**Instructions for the task:**
With the pictures omitted, write out all of the listing exactly.

**Exercise inputs:**
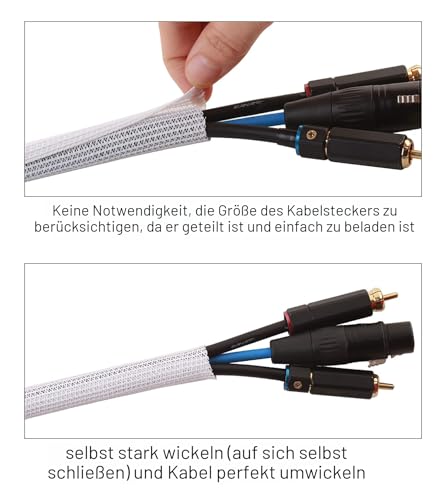 Alex Tech 13mm-3.1m selbstschließend Kabelschlauch gewebter Kabelmantel Kabelschutz zuschneidbar Weiß Für TV Computer Heimkino Automobilkabel zu Hause und im Büro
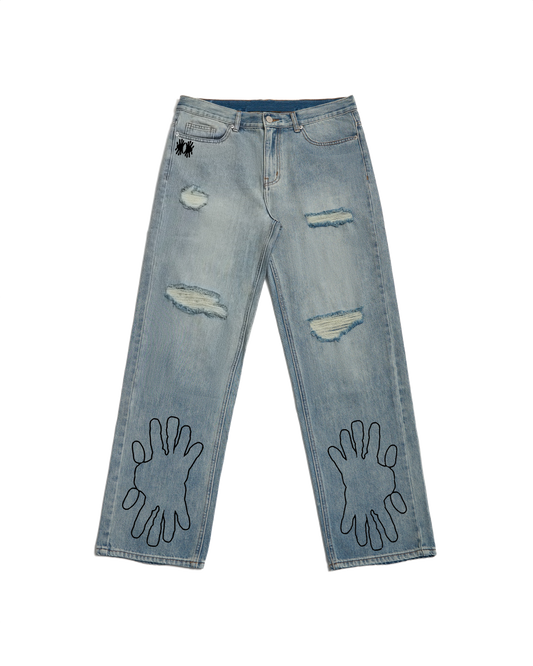 Miyanardo® (SS24) Miyanardo® "Art Project 3.0" Baggy ripped jeans (B)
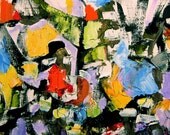 Abstract painting, bright and lively, 22 x 16, original fine art, Mid century Modernist style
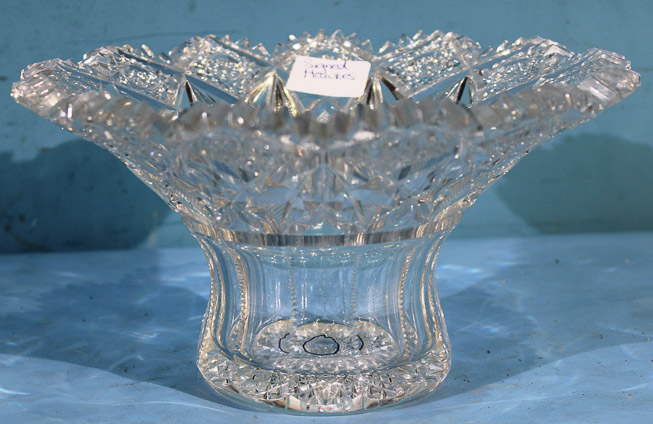 015a - Unusual brilliant cut glass bowl with scalloped edges, signed Hawkes, 5.5 in. T, 10 in. Dia.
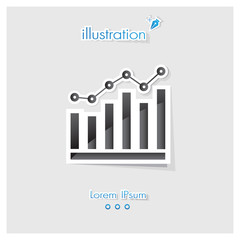 Bar Graph Symbol ,Black Style Vector EPS10 illustration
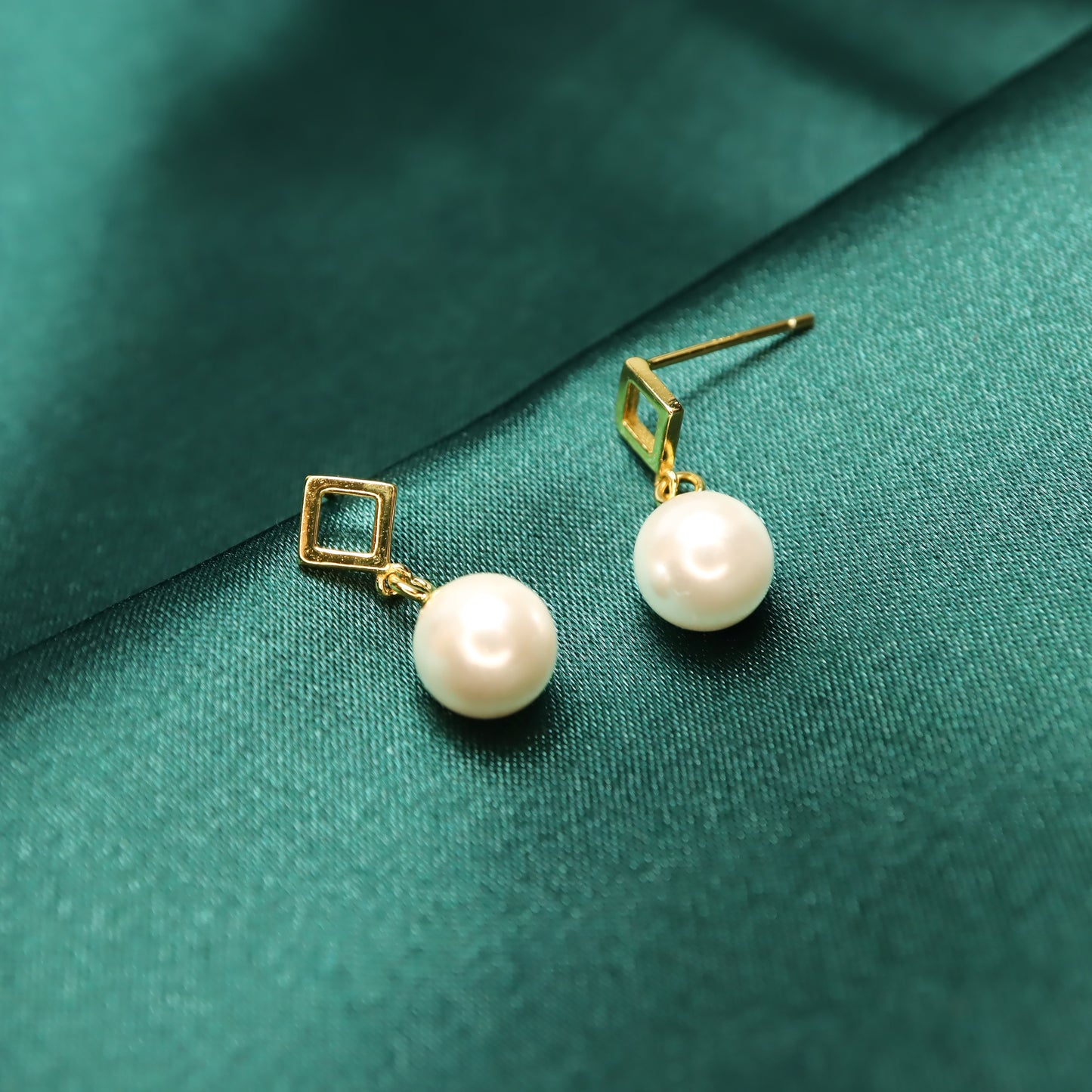 Hollow Square Pearl S925 Sterling Silver 14K Gold Plated Drop Earrings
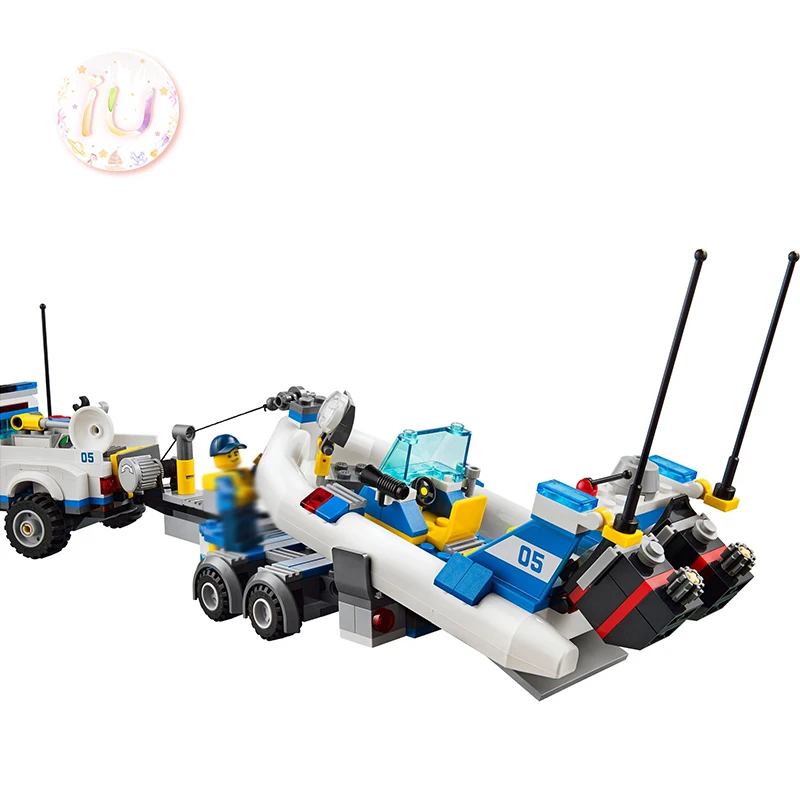 Legoings городской полицейский патрульный автомобиль и лодка строительные блоки
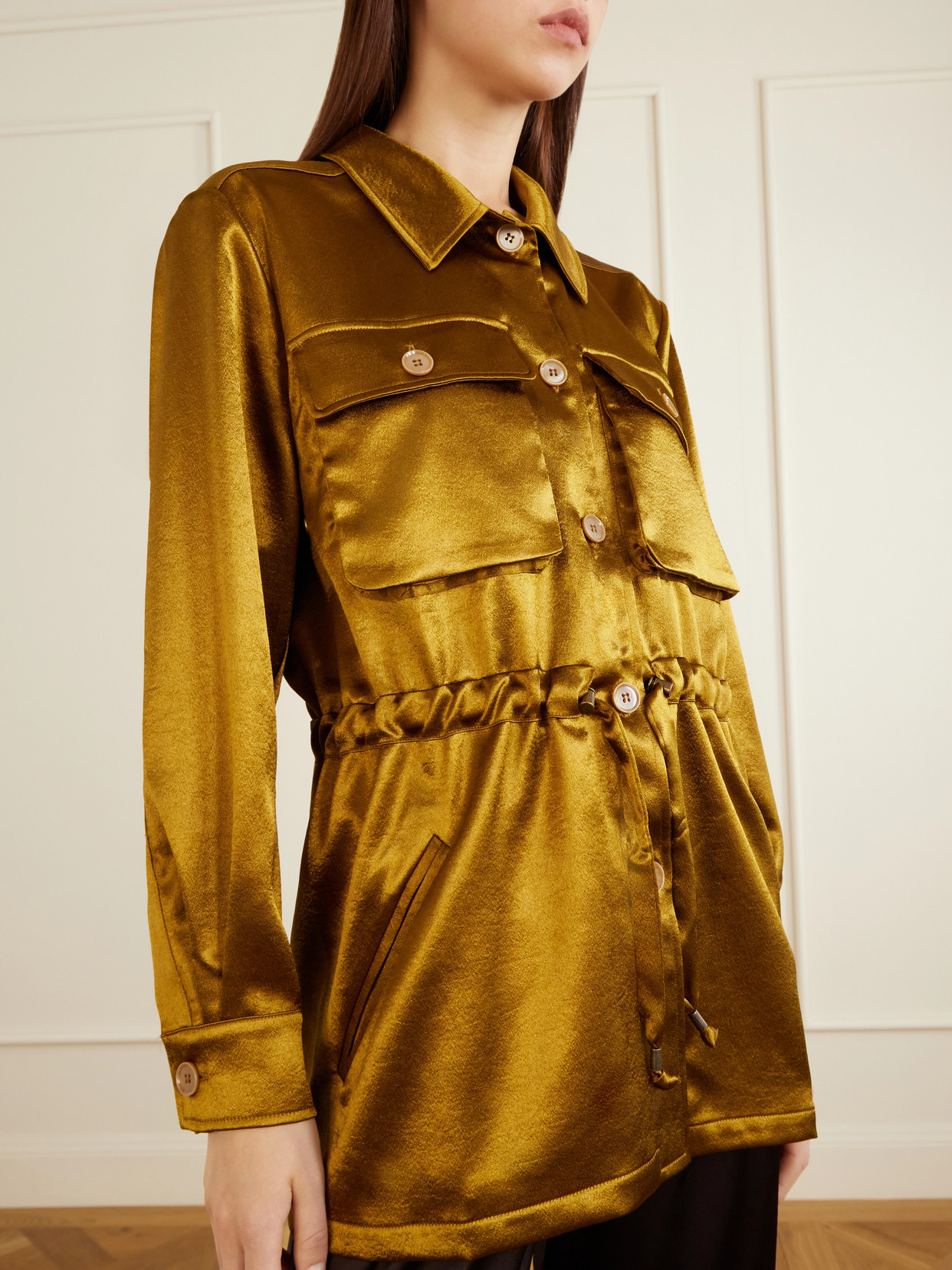 Giuliva Heritage Tessa Drawstring Satin Jacket In Multi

**Solution to the problem:**
 Alex Tech 13mm-3.1m selbstschließend Kabelschlauch gewebter Kabelmantel Kabelschutz zuschneidbar Weiß Für TV Computer Heimkino Automobilkabel zu Hause und im Büro
 Miyanardo® (SS24) Miyanardo® "Art Project 3.0" Baggy ripped jeans (B)
 Abstract painting, bright and lively, 22 x 16, original fine art, Mid century Modernist style
 015a - Unusual brilliant cut glass bowl with scalloped edges, signed Hawkes, 5.5 in. T, 10 in. Dia.
 Bar Graph Symbol ,Black Style Vector EPS10 illustration
 Hollow Square Pearl S925 Sterling Silver 14K Gold Plated Drop Earrings
 Legoings городской полицейский патрульный автомобиль и лодка строительные блоки
 Giuliva Heritage Tessa Drawstring Satin Jacket In Multi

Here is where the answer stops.